Friday 6 October 2006

'Blue Green': the new symbol of wetness

Occasionally reality conspires to prove a point more tellingly than you might deem realistic if you wrote about in fiction. You sometimes make your point, then read your newspaper and you think, "I could not have made this up."

I'm speaking about conservatism, and those who call themselves conservatives. This morning and over the last few days I've discussed at length Brad Thompon's analysis of the practical consequences of conservative ideology, the hallmarks of which can be characterised as being compromise, "me-tooism" and an embrace of one's opponents aims with the only change being the claim that conservatives will deliver them better. This, to conservatives, is called "heading off the opposition." To a conservative, you see, it's not so important what is done so much as who is doing it. That's why since the war there have been more socialist advances under conservative governments than there have under those of a liberal persuasion -- conservatives call this "heading off the opposition" -- those with principles call it "selling out."

Even as I wrote that, National Party's Nick Smith was sleazing into print in order to prove that very point, suggesting that with National's weekend Blue-Green conference the Nats should look to head off the opposition by "softening its environmental message." As Vernon Small summarises the Smith slop:

Softening the environmental message, [Smith] hopes, will peel away some of that soft Labour vote while happily making a deal with the Green party that much more credible. More to the point, if National cannot hug the trees and the Greens, or edge them into a neutral position, then it may be trying in the long term to hug them to death.

This, to a conservative, is called strategy. No wonder Smith, to Lindsay Perigo, is a man with a tongue so forked you could hug a tree with.

What, in real concrete terms, does "softening the environmental message" mean besides giving the authoritarian environmentalists everything they're after? None at all. The "softening" Smith proposes are a sell-out on Kyoto, "a significant funding package to promote tree planting, cleaner air and water, and help for community conservation." Oh please. Not just selling out, but selling out so wetly. As I quoted Thompson this morning:
Never mind "the vision thing" -- about which George Bush Sr. agonised -- give yourself over instead to absolute rule, and let the other side seek out new visions. That's the neocon ticket. The three most important rules for absolute rule: Compromise, compromise and compromise.
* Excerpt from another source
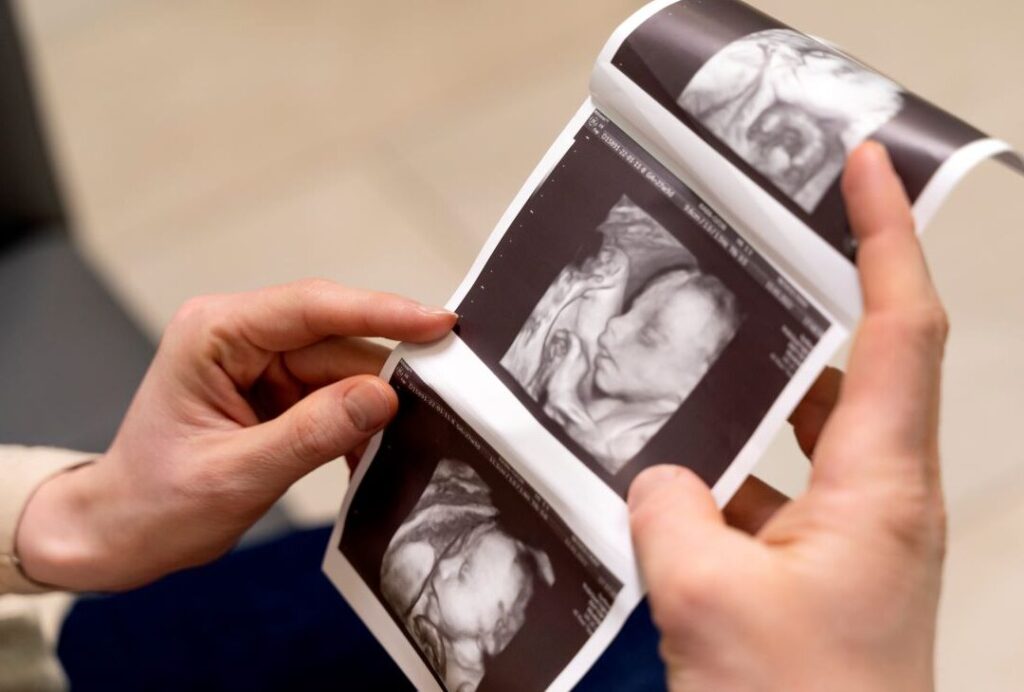 Échographie du 3ème trimestre : que signifie une grosse tête pour mon bébé ?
The fourth rule: if visions arise that are going to happen anyway, then just roll over and make sure you take the credit.
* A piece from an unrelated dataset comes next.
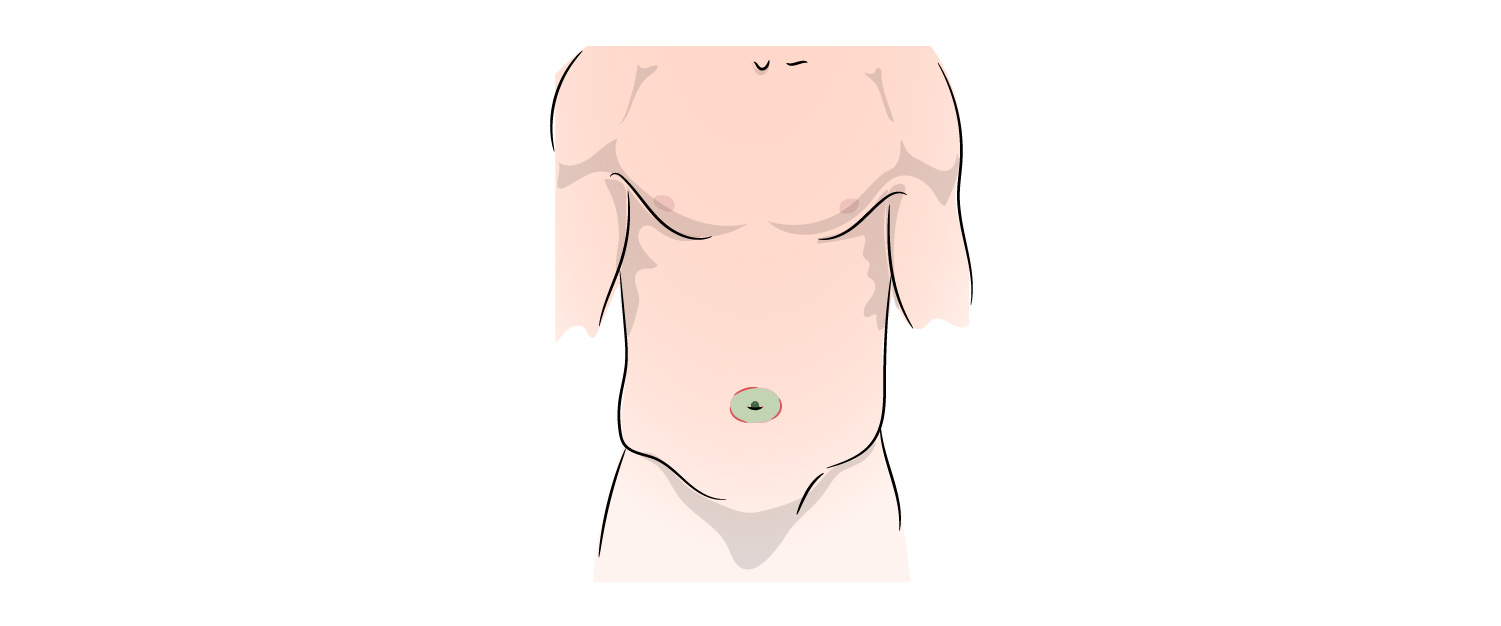 https://coloproctologie.com/wp-content/uploads/2022/08/Hernie-Ombilicale-Illustrations-_Vignette-copy-2.jpeg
If liberals launch a national campaign for socialized medicine, Republicans should steal the issue from the Democrats and advocate a system of universal health care but one that allows people to choose their own doctor or HMO. If liberals commence a public campaign against the profits of “big business” or the salaries of their executives, Republicans should neutralize liberal pretensions by encouraging “greedy” and “profiteering” corporate executives to voluntarily donate their profits to charities. If radical environmentalists launch a public relations campaign against global warming, Republicans should encourage American companies to hire environmentalists as advisors...
As Thompson points out, and as Ayn Rand pointed out before him, moral appeasement of this sort serves only to embolden the conservative's opponents, "a lesson that conservatives seem constitutionally unable to learn. They fail to grasp that compromising one principle inevitably leads to hundreds of compromises in practice. In this relationship, liberalism will always have the upper hand and will always dictate the future..."

Should Smith and the Nats seek to spike the authoritarian guns not with compromise but with a ringing declaration this weekend of freedom and liberty and property rights -- and with it a clear and forceful demonstration of how the exercise and protection of property rights leads to both superior environmental values and maximum freedom -- then I would be right behind him.

But that's about as likely as Smith ever growing a spine.

LINKS: True blues go green - Vernon Small, Stuff

RELATED: Politics-NZ, Environment, Property Rights, Politics-National

1 comment:

Anonymous said...

I wondered who advises the Nick Smith and the National Party on this important issue about Climate Change. I believe that they (National) should sit down with the members of the "NZ Climate Science" coalition and have an open discussion about what are the scientific FACTS and what are the SPECULATIONS & FICTIONS regarding the Climate Change debate, so that they can have a balanced view of the issue.